**What to produce:** Please give back each line of the material unchanged, but without the images.

**Supplied information:**
-- -- --

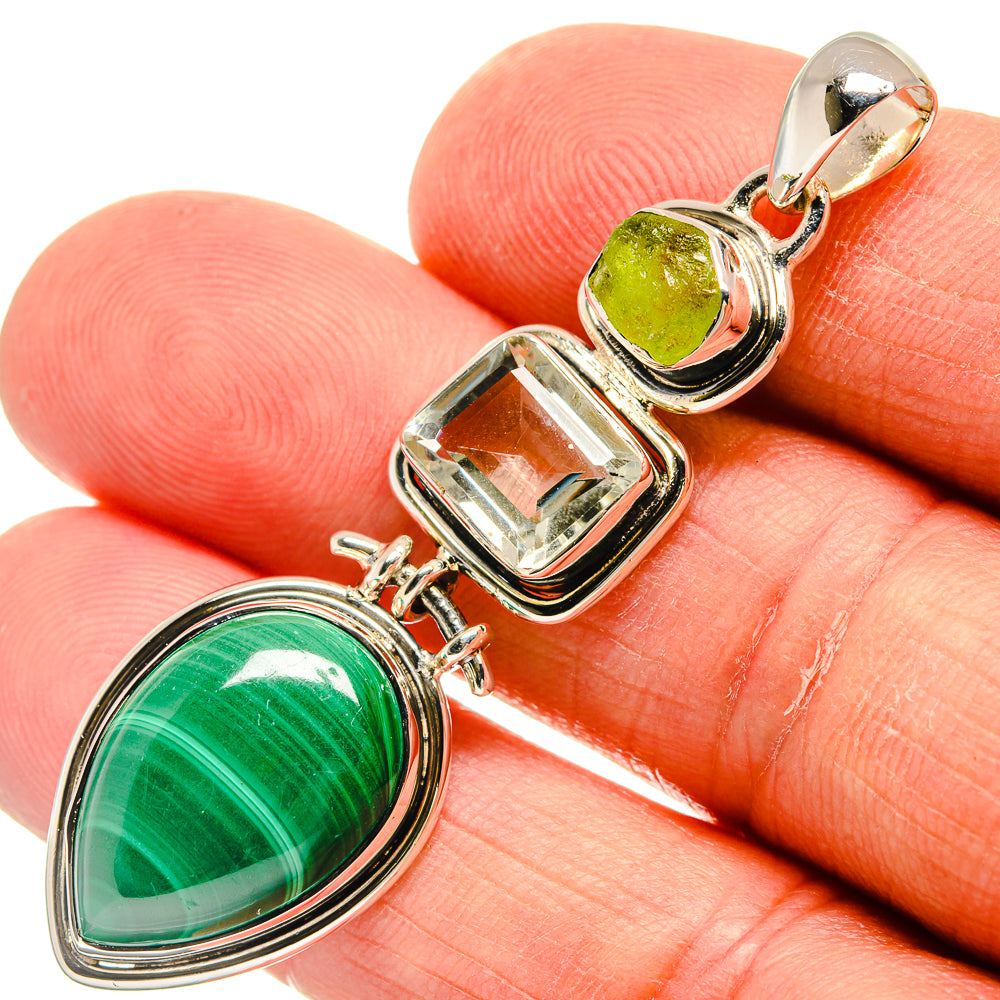 Malachite Pendants handcrafted by Anasilvercos - PD24655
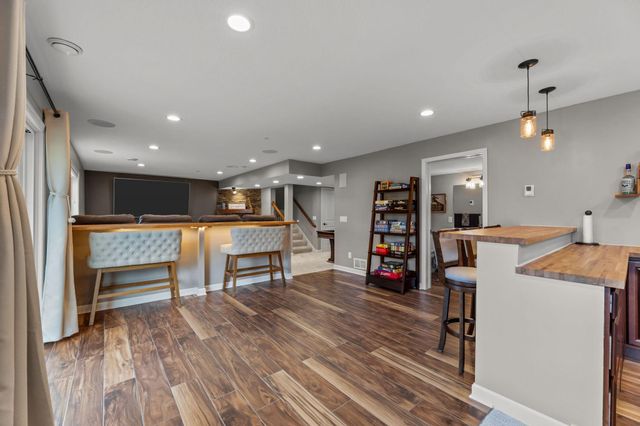 15271 Creekside Lane, Dayton, MN 55369
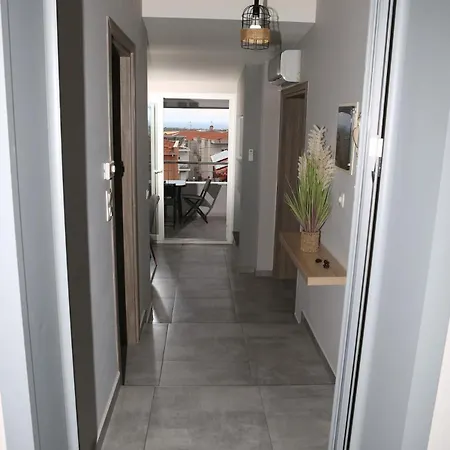Joanna Seasides , Floor * Mesimérion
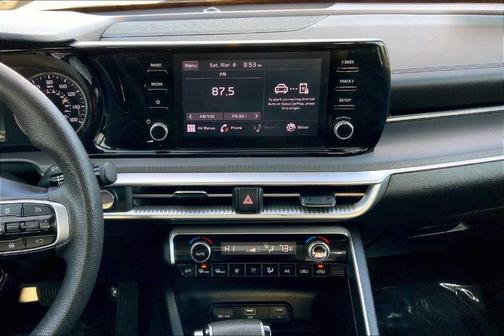 2022 Kia K5 LXS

-- -- --

**Reply to the task:**
 Malachite Pendants handcrafted by Anasilvercos - PD24655
 15271 Creekside Lane, Dayton, MN 55369
Joanna Seasides , Floor * Mesimérion
 2022 Kia K5 LXS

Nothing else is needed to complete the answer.